**PROBLEM TO WORK ON:** Please return all lines in the listing holding the word "pocket".

**DATA LISTING:**

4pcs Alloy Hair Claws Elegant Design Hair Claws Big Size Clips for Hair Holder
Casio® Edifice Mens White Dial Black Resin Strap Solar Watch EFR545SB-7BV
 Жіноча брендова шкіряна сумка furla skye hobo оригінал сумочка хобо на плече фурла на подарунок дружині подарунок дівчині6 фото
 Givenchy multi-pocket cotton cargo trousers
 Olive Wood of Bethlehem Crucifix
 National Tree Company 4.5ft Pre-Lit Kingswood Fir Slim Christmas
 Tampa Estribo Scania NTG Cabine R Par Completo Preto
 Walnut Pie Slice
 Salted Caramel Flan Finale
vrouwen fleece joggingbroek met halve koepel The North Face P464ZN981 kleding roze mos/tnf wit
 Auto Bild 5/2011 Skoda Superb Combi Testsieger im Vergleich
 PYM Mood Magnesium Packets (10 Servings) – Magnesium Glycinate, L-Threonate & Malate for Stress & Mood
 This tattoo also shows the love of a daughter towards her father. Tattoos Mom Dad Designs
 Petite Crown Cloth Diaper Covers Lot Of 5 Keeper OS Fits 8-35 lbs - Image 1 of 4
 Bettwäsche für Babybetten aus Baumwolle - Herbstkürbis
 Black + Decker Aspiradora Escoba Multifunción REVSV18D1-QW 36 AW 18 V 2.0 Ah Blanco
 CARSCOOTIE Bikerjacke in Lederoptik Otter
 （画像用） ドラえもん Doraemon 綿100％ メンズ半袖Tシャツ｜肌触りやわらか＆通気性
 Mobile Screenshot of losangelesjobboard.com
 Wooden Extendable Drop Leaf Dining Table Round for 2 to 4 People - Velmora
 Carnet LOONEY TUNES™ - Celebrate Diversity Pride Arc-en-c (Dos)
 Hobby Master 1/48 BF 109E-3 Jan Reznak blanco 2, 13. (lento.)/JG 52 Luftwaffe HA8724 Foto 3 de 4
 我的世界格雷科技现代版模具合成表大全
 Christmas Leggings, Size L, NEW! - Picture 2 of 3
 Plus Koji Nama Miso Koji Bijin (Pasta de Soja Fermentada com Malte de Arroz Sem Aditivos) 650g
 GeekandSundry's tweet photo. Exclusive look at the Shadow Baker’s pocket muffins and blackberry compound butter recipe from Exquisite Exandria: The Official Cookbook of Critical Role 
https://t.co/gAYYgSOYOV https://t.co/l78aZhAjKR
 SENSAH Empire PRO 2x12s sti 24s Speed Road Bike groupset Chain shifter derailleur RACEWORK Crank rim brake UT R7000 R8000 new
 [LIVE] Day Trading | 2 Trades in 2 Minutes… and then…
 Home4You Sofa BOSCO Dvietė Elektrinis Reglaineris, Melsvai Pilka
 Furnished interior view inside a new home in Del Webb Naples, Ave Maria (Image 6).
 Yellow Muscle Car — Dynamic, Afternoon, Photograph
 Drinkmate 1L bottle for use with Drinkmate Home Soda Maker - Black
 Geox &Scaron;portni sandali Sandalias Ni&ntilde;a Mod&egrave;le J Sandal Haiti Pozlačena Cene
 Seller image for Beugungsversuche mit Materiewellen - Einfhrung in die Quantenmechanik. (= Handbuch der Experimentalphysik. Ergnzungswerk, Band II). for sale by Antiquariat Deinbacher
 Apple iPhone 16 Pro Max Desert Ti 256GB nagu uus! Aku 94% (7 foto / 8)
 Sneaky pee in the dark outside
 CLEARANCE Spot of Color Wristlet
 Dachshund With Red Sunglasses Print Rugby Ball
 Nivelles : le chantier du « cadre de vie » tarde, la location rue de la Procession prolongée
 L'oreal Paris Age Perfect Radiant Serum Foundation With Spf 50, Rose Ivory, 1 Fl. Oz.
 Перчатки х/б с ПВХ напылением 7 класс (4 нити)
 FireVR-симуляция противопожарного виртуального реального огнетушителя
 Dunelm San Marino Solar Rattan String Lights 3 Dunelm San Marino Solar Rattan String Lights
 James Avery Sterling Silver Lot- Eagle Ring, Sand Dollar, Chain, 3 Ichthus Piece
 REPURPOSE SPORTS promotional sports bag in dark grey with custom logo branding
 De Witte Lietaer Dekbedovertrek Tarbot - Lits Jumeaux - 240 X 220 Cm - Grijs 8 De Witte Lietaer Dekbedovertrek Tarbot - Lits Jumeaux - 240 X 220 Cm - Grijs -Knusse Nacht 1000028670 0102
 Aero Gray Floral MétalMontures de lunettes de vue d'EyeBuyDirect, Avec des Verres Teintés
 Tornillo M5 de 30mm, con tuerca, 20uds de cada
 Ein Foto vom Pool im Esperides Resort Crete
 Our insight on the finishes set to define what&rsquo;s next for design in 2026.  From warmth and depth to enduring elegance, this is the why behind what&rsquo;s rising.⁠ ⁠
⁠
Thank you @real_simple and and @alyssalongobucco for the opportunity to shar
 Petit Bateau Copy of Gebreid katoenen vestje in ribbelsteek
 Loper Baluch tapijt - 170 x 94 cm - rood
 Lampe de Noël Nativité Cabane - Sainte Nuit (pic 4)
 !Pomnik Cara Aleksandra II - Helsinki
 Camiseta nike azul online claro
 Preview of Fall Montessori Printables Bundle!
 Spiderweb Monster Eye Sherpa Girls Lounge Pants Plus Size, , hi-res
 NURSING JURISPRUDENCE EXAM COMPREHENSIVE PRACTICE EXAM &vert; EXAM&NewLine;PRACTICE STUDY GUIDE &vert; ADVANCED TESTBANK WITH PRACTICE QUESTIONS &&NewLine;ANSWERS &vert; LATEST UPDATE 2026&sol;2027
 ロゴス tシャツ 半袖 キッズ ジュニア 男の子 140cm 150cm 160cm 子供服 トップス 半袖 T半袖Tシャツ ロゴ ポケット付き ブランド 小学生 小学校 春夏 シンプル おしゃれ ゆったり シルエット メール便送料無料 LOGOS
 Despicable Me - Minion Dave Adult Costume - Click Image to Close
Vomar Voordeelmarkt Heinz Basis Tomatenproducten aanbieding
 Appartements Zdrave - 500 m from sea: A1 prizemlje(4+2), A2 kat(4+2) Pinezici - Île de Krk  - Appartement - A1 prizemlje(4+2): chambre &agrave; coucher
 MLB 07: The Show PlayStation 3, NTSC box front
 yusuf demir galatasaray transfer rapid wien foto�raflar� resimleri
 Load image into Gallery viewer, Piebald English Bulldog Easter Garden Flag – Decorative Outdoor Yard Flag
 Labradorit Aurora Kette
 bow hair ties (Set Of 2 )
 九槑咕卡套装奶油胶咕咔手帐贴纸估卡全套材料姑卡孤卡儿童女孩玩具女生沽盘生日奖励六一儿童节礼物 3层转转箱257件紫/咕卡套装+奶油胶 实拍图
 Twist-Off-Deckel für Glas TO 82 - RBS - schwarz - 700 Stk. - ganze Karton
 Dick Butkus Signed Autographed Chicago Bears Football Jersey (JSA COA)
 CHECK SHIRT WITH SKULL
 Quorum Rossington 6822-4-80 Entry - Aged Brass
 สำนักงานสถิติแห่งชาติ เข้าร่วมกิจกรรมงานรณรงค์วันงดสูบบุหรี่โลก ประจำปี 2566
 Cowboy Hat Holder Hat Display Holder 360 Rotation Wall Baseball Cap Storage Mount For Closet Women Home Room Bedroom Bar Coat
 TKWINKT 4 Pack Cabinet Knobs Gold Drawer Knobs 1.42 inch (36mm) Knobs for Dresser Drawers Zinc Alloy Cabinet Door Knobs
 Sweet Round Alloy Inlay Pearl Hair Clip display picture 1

**ANSWER BOX:**
 Givenchy multi-pocket cotton cargo trousers
 GeekandSundry's tweet photo. Exclusive look at the Shadow Baker’s pocket muffins and blackberry compound butter recipe from Exquisite Exandria: The Official Cookbook of Critical Role 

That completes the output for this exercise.